CHP’liler Vatan Emniyet’e gitti
Gelişme üzerine aralarında, CHP Genel Başkan Yardımcısı Pınar Uzun Okakın, CHP İstanbul İl Başkanı Özgür Çelik ve CHP İstanbul İl Gençlik Kolları Başkanı Erdem Kara’nın da bulunduğu CHP’liler, İstanbul Emniyet Müdürlüğü Vatan Caddesi Yerleşkesi önüne gitti. “Gözaltına alınan arkadaşlarımızın yanındayız. Özgürlüklerine kavuşuncaya kadar sürecin takipçisi olacağız” mesajı veren CHP’lilere avukatlar da eşlik etti. Gözaltındaki gençlerin sabah Kartal Adliyesi’ne savcılığa çıkarılacağını açıkladı.
Gözaltılara ilişkin emniyet müdürlüğü önünden ANKA Haber Ajansı’na bir açıklama yapan CHP Genel Başkan Yardımcısı Pınar Uzun Okakın, “Bu ülkede kadınlar vahşice katledilirken, konforlu köşelerine sinip sessizce seyredenlerin gücü öğrencilere yetti sanılmasın diye buradayız! Canileri ve canilerin yarattığı vahşeti dillendirirsek ‘bu işin ucu döner dolaşır bizi bulur’ kaygısıyla gündemin değişmesi için sinsice pusuya yatanlara karşı buradayız.” dedi. Okakın şöyle devam etti:
“Özgürlüklerin kalesi olması için mücadele ettiğimiz üniversitelerin önünde…”
“Yalnızca kadınları değil, şiddetin hedefinde olan herkesi koruma altına alan İstanbul Sözleşmesi’ni karalayıp şeytanlaştırarak, toplumsallaşan şiddet olgusunun erken evresinde önleyici, koruyucu, caydırıcı yaptırımları olan bir metinden köşe bucak kaçanlara karşı Vatan Emniyet’teyiz. Biz bir gece vakti buraya, suçluların gözaltına alınması gereken emniyet kurumunun önüne, özgürlüklerin kalesi olması için mücadele ettiğimiz üniversitelerin önünde, kadına karşı şiddetle mücadele pratiğini bilfiil uygularken derdest edilen kardeşlerimizi almaya geldik. Çeyrek asırlık iktidarları boyunca kadına yönelik şiddeti kadın düşmanı söylemleriyle, eylemleriyle, karar ve politikalarıyla besleyen AKP’den hesap sormaya geldik.
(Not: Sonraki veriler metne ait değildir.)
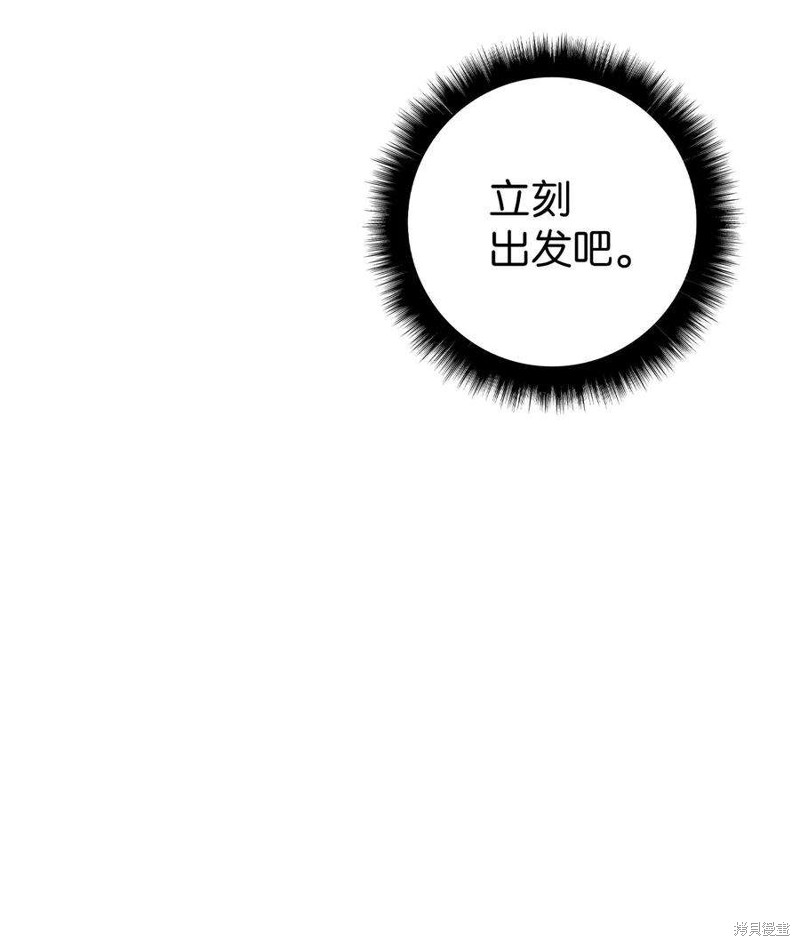 第66话78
Kadına yönelik şiddetle ve faillerle değil, kadına yönelik şiddete karşı mücadele eden metinlerle, kişilerle ve kurumlarla mücadele eden ahmaklardan, tüm ezilenlerin ve yok sayılanların hakkını almaya geldik.
Okakın: Korku içinde yaşamaya mahkûm ettikleri kadınlara yenilecekler
Biz buradan 5 kardeşimizi alacağız, onlar ayıplarıyla baş başa kalacaklar. Biz buradan 5 kardeşimizi alacağız, onlar, emniyetin kadına karşı şiddetle mücadelesini soğutan, şiddetin karşısında olan gençleri zapturapt altına almayı tercih edenler olarak anılacaklar. Hayat gailesi içinde toplumsal meselelere eğilen gençlerin ödediği bedele yenilecekler. Korku içinde yaşamaya mahkûm ettikleri kadınlara yenilecekler.”